El primer diente de un bebé es sin duda un acontecimiento memorable y emocionante para sus padres. Cuando el primer diente está por salir los bebés experimentan una ligera hinchazón en sus encías. Sin embargo, el desarrollo de los mismos es un proceso biológico que comienza durante su etapa fetal. Desde el tercer mes de embarazo se comienzan a formar las bases de los dientes, hasta que aparecen los llamados “brotes de dientes”. Es por esto que la nutrición de la madre en el embarazo resulta de suma importancia, pues cualquier afección en la salud de ella o el bebé puede afectar la estructura de los dientes primarios.

La dentición se completa alrededor de los dos años y medio de edad. Pero la higiene adecuada de la boca y las encías debe comenzar incluso antes de que salga el primero. Los padres deben estar muy atentos y no descuidar su rutina de limpieza. Cada etapa en la formación de los dientes requiere de cuidados específicos y hay que prestar atención a las necesidades del bebé.

Cuando el bebé alcanza a cumplir los dos meses de vida se recomienda que la madre utilice un pedazo de gasa húmeda para limpiar a fondo las encías del bebé después de cada toma. De no hacerse, los microorganismos del alimento pueden proliferar en la boca y posteriormente convertirse en las causas de caries dentales.

Por otro lado, tampoco podemos olvidar que durante esta etapa los bebés suelen llevarse constantemente objetos a la boca, tratando de explorarlos. Los padres deben estar muy pendientes de procurar que el bebé solo tenga contacto con objetos ligeros, suaves y limpios.

Alrededor de los seis meses, a veces antes, aparecen los primeros dientes, los llamados dientes de leche. Estos juegan un papel importante ya que preparan el espacio de la boca para los dientes permanentes, y permiten que el bebé pueda comenzar a masticar y tragar los alimentos correctamente, sobre todo ahora que su alimentación incluye comidas semisólidas.

Se recomienda utilizar una crema dental con sabor agradable, como frutas. La misma no debe contener flúor hasta que el bebé tenga tres años. De acuerdo con los pediatras y dentistas, la administración sistémica de flúor en forma de gotas o tabletas es preferible, ya que una pasta dental con fluoruro puede ser tragada accidentalmente por el niño, con el consiguiente riesgo de una sobredosis. Durante esta etapa el bebé comienza a familiarizarse con el cepillo de dientes.

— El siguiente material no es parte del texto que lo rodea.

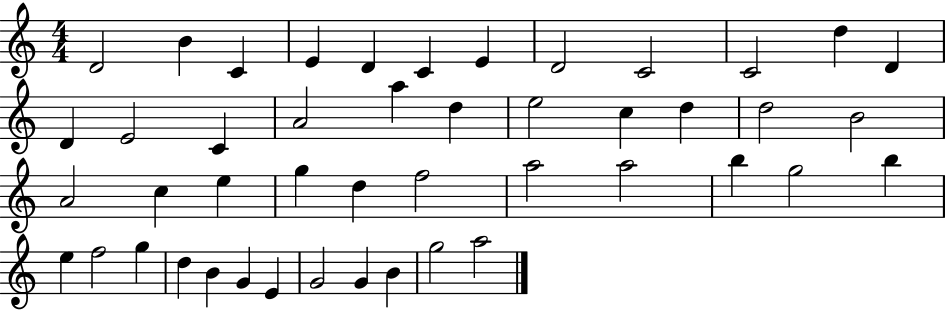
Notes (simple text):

D4/h B4/q C4/q E4/q D4/q C4/q E4/q D4/h C4/h C4/h D5/q D4/q D4/q E4/h C4/q A4/h A5/q D5/q E5/h C5/q D5/q D5/h B4/h A4/h C5/q E5/q G5/q D5/q F5/h A5/h A5/h B5/q G5/h B5/q E5/q F5/h G5/q D5/q B4/q G4/q E4/q G4/h G4/q B4/q G5/h A5/h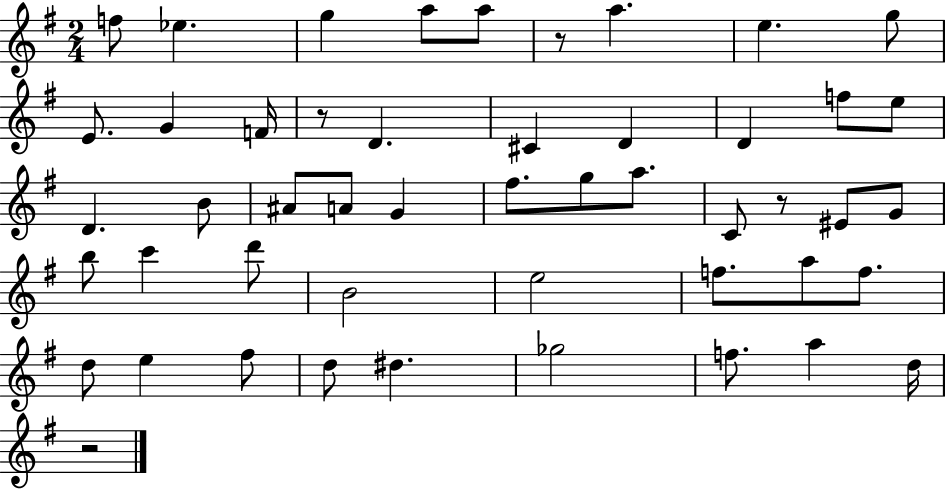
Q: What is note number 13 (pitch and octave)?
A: C#4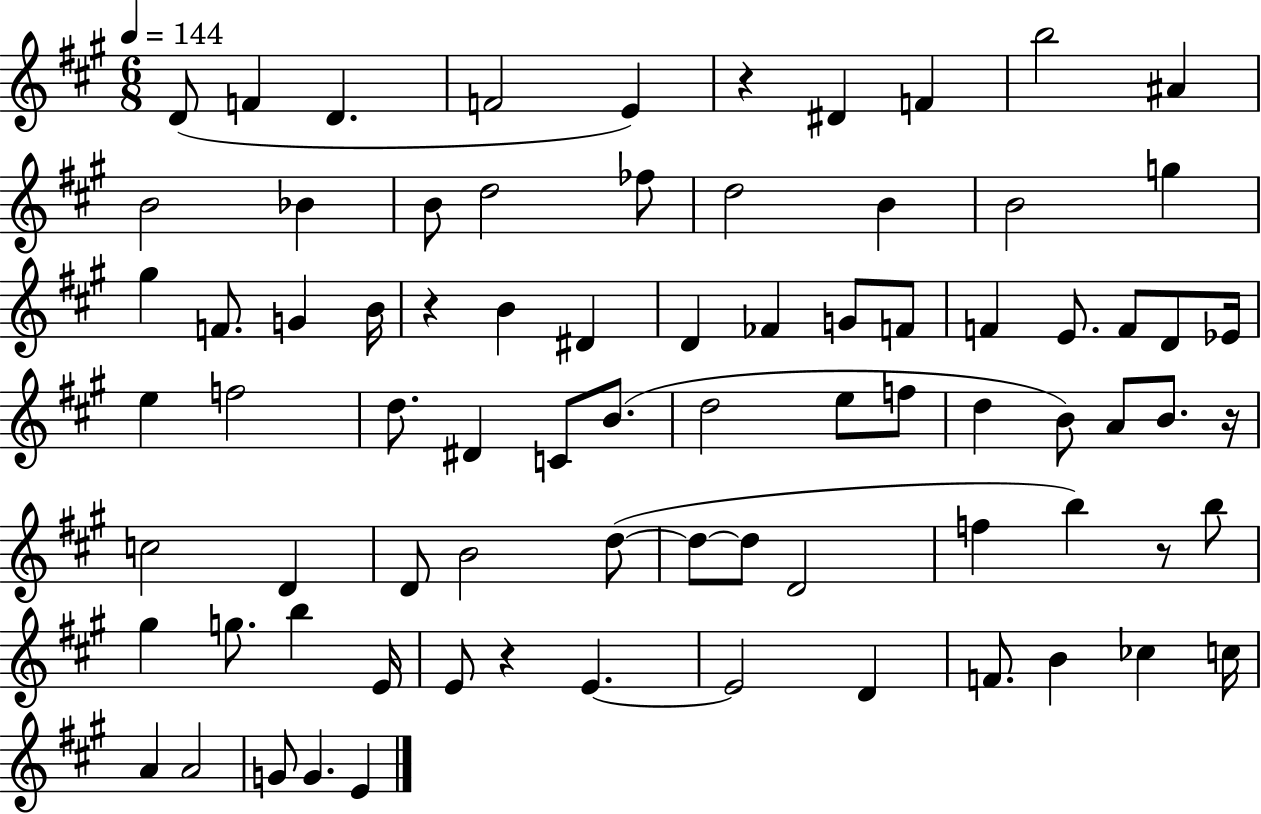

Para la limpieza, los padres deben frotar desde las encías hasta los dientes y así remover la placa que se acumula después de cada comida. Para que el proceso se haga más fácil, los padres pueden hacer del cepillado un momento divertido, un juego con su bebé.

Después del primer año la dentición progresa rápidamente. En consecuencia la higiene dental es cada vez más importante. Los padres siguen siendo los responsables de esa limpieza, poco a poco el bebé puede comenzar a manipular el cepillo por sí mismo, jugando con sus padres quienes deben supervisarlo siempre.

El cepillado dental en niños es efectivo solo si es realizado por un adulto. Recomendamos dejar que el bebé juegue; sin embargo, sugerimos que el adulto realice la higiene hasta que el niño posea la habilidad motora adecuada. A partir de este momento la supervisión periódica de un pediatra será útil, ya que podría evaluar la posibilidad de enviar al niño a visitar un dentista; de esta manera puedes obtener información sobre los métodos adecuados para mantener la salud bucal desde el primer momento.

Consejos Útiles

Aquí hay algunos consejos importantes sobre cómo proteger la sonrisa de su bebé:

  • Limpia las encías del bebé con regularidad, incluso antes de que los dientes de leche broten.
  • Cepilla los dientes de tu bebé varias veces al día.
  • No uses, antes de los tres años de edad, crema dental con flúor.
  • Limita el consumo de sustancias dulces, especialmente de noche, o cuando no es posible limpiar los dientes del bebé.
  • No sumerjas el chupón en azúcar o miel.
  • Revisa el estado de la boca y los dientes con regularidad.
  • Mamá y papá necesitan, para dar un buen ejemplo, realizar la limpieza de sus dientes regularmente pues esto promueve que sus hijos los imiten.
  • Es importante que el niño aprenda a usar el hilo dental desde temprano. Un buen momento para comenzar es cuando los dientes empiezan a crecer uno al lado del otro.
  • No es bueno que los niños se chupen el dedo porque cuando la succión es permanente se desvían los dientes hacia adelante.

Recuerda que la higiene oral se realiza tanto para establecer buenos hábitos orales como para proteger sus dientes de leche. Al acostumbrar a tu bebé a una limpieza dental suave, crearás un patrón de cuidados bucales que lo acompañarán durante el resto de su vida.